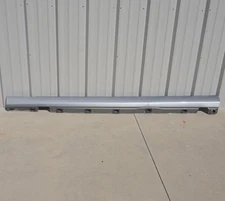 2010 - 2013 MERCEDES S550 W221 RIGHT PASS SIDE ROCKER PANEL SKIRT MOLDING OEM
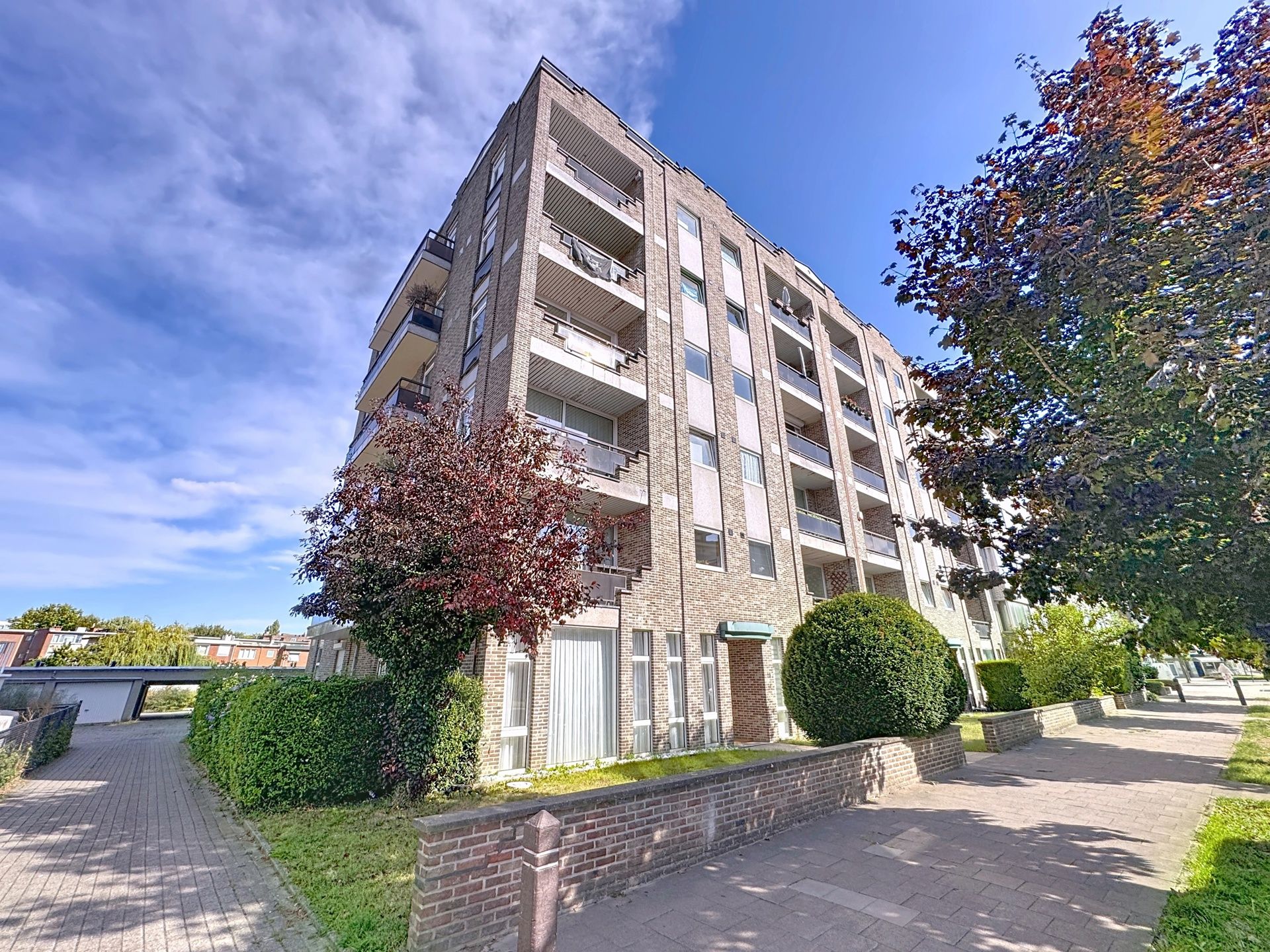 Appartement 3 slpk. met 2 terrassen, kelder en parking foto 16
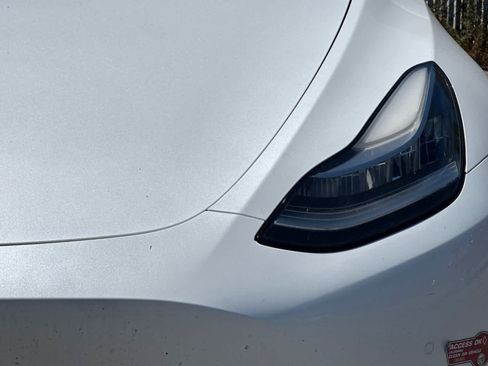 Used 2022 Tesla Model Y Long Range AWD/4WD image 13
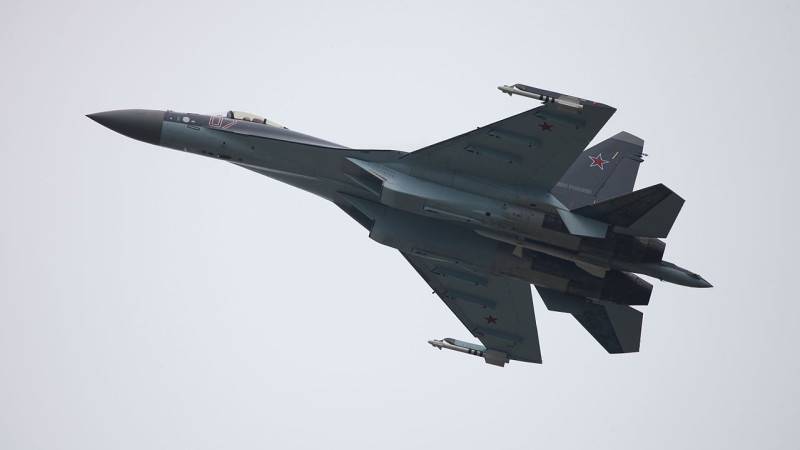 Истребители ВКС России Су-35С приступили к перебазированию в Белоруссию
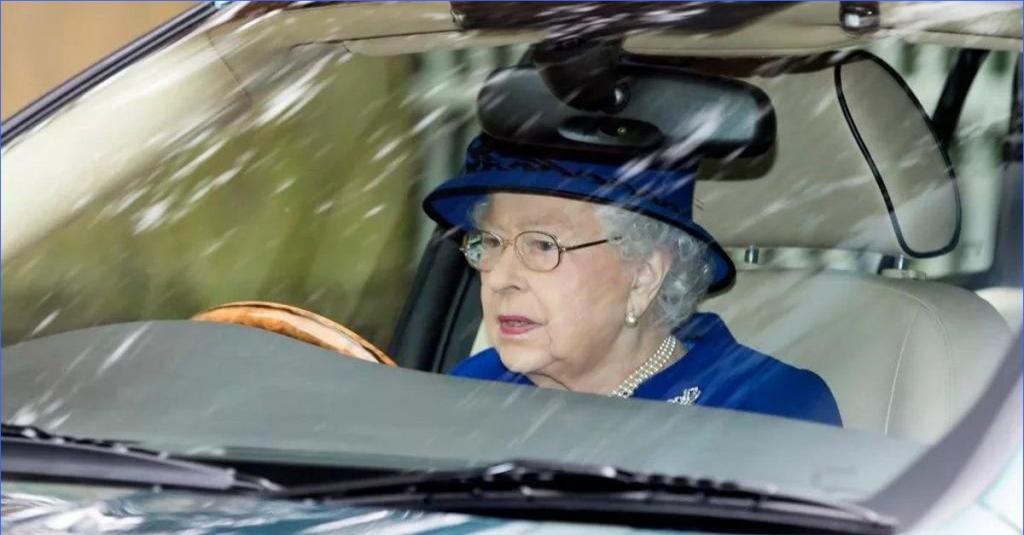 Продано с аукциона: водительское удостоверение королевы Британии Елизаветы II купили за 7,8 тысячи $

▶ Directions
Please print all the entries exactly as written, but drop the pictures.

▶ Answer section
 2010 - 2013 MERCEDES S550 W221 RIGHT PASS SIDE ROCKER PANEL SKIRT MOLDING OEM
 Appartement 3 slpk. met 2 terrassen, kelder en parking foto 16
 Used 2022 Tesla Model Y Long Range AWD/4WD image 13
 Истребители ВКС России Су-35С приступили к перебазированию в Белоруссию
 Продано с аукциона: водительское удостоверение королевы Британии Елизаветы II купили за 7,8 тысячи $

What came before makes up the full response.